Chinese Schools Reform Strict Grading System

January 5, 1998

About a quarter of Beijing's primary school students have been relieved of the pre-exam jitters long associated with the days leading up to the Chinese Lunar New Year vacation.

Some 106,000 pupils in the Chinese capital are among the first to bid farewell to the old 100-mark system that was abandoned in September in favor of a grading system that defines performance in terms of "excellent, good, pass, and fail," with 60 percent of the grade based on overall achievement and 40 percent on daily behavior, the China Daily said Saturday.

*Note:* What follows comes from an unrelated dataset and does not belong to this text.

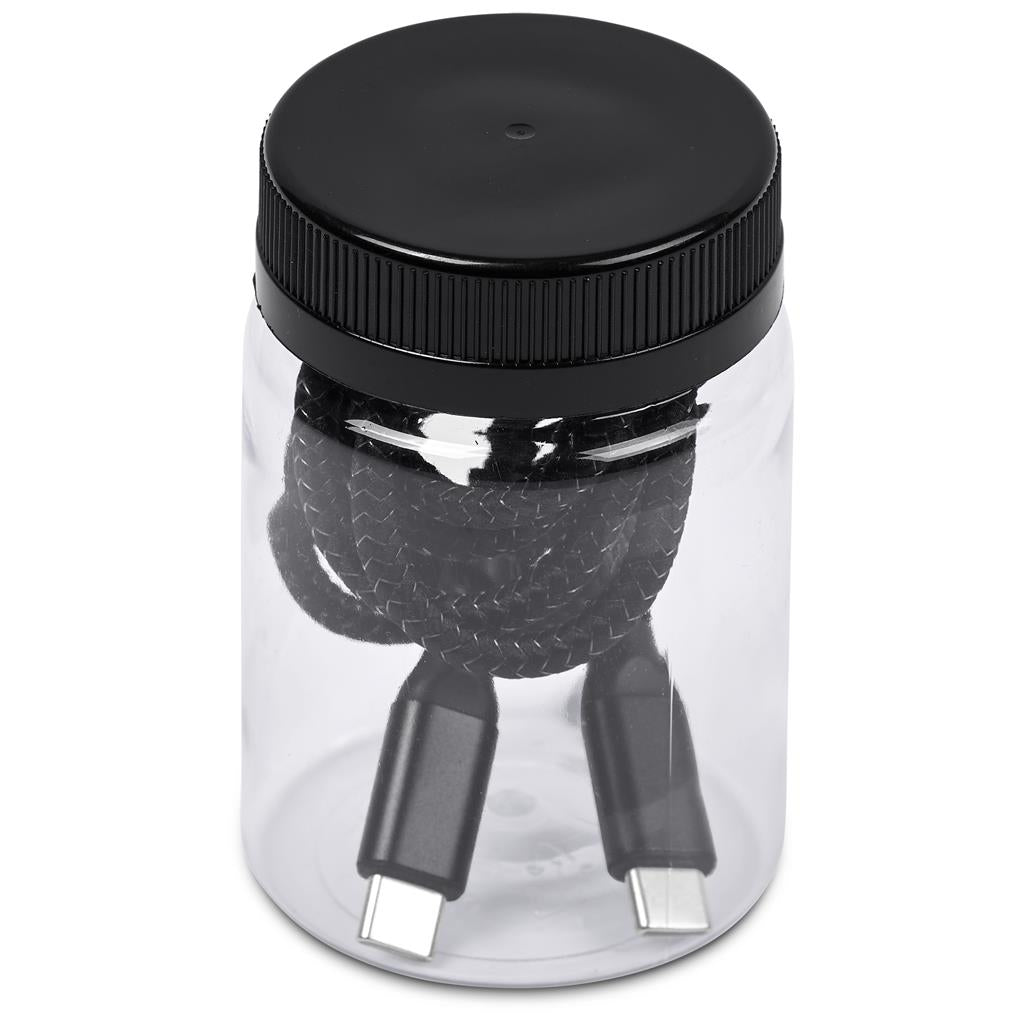 SISU Corporate | Altitude Nitty Fast Charge Type-C to Type-C Cable (in Jar)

"Why should you go crazy over exams? Homework and scores won't bother you anymore," the report quoted Cai Fang, a primary school student in Beijing's western Haidian district, as saying.

The transition to the new system in selected schools in Beijing, the nearby port city of Tianjin, Shanghai, eastern Jiangsu, Shandong, and northeastern Liaoning provinces has witnessed homework loads reduced by half, with kids able to enjoy more time for play or extracurricular activities.

But not all parents are pleased with the elimination of exam scores and the accompanying educational reforms, and are worried their children will become increasingly unruly and lazy without the pressure of test scores, China Daily said.

Pro-reform educators say most parents continue to ignore the fact that play, leisure reading, painting, dancing, or club activities are related and beneficial to their study. They also help kids develop to their full potential.

Xu Xiuru of the National Institute of Healthy Education says the number of pupils suffering mental problems due to pressure of homework and fierce competition under the old 100-mark system has increased in recent years.

Many teachers, meanwhile, argue that pupils acquire a better and faster command of fundamental knowledge under the old system, the report said.

Last year the China Daily warned parents against pushing their toddlers into becoming little prodigies, citing cases of children being beaten to death or driven to suicide by parents demanding too much.

The report said the craze for high marks and university admission were mistakenly the sole concerns of schools and Chinese parents who are limited to one child per couple in cities in accordance with the nation's strict family planning policy.